レーザー彫刻、坂田彫刻工業所(川崎市幸区塚越)は、“彫刻の溝”を計測、解析する新事業を始めた。高精度のデジタルマイクロスコープによる3次元測定で3D画像化。数値計測と解析を行う。希望があればレポートも提出する。「深さの測れる彫刻屋」として業界初の試みといい、商標登録も出願済みだ。

登録商標も出願し新サービス

これまでは彫刻の溝を測る方法はなかったが、新サービスでは、レーザー彫刻や機械彫刻した加工面をマイクロメートルレベルで計測する。

3D画像からさまざまな溝の深さを測定して、結果をレポートとして提出することもできる。「品質保証の資料としても活用すれば、付加価値にもつながります」と、坂田善則社長は語る。
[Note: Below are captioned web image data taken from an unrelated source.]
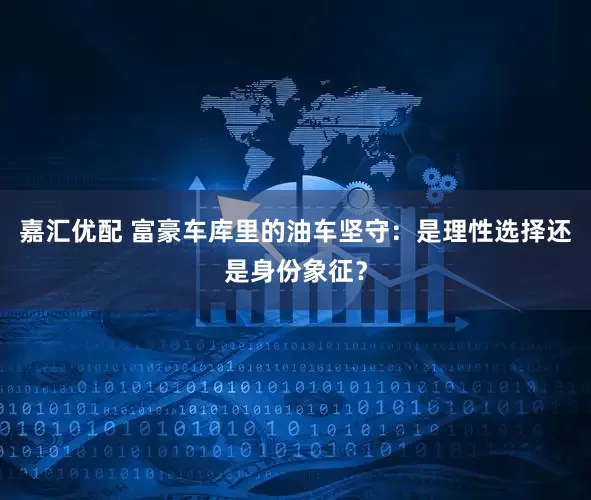 嘉汇优配 富豪车库里的油车坚守：是理性选择还是身份象征？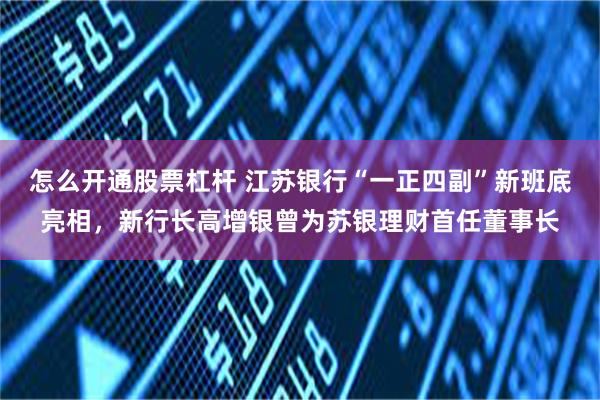 怎么开通股票杠杆 江苏银行“一正四副”新班底亮相,新行长高增银曾为苏银理财首任董事长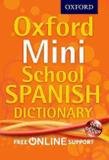 Oxford Mini School Spanish Dictionary - Oxford university press uk-id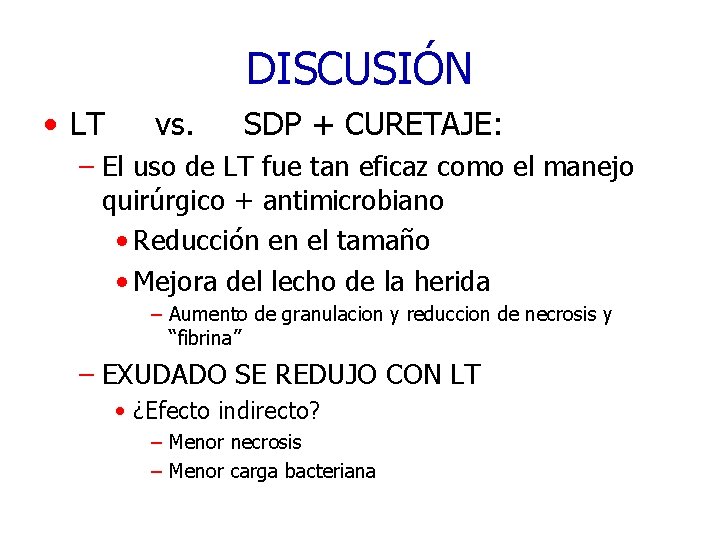 DISCUSIÓN • LT vs. SDP + CURETAJE: – El uso de LT fue tan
まずは、受託案件に対する付加価値として、同サービスを無償で提供。原則、同社での加工を条件としているが、品質検証のために検査・レポートなどを希望する場合は有償となる。すでに、彫刻の溝のトラブルに悩む発注企業からの引き合いも寄せられているという。

■同業との差別化

同社は、高速道路や空港、発電所関連などのインフラ向けに金属やアクリル、軟質材など多種多様なネームプレートを手掛ける。

ものづくりの最後に仕様が決まり、かつ短納期案件が多いため、国内にも根強く需要があるという。ただ、後継者不足や技術の進歩により新しい素材や技術のニーズへの対応が難しく、廃業している同業者も年々増えている。

そんな中、同社は、既存の設備で技術を磨きつつ、新しい機能を搭載した設備の導入も計画的に行ってきた。今回の新事業進出は、「他がやっていない品質検査をあえてサービス化することで、数多くある同業者との差別化を目指すためです」と、坂田社長は語っている。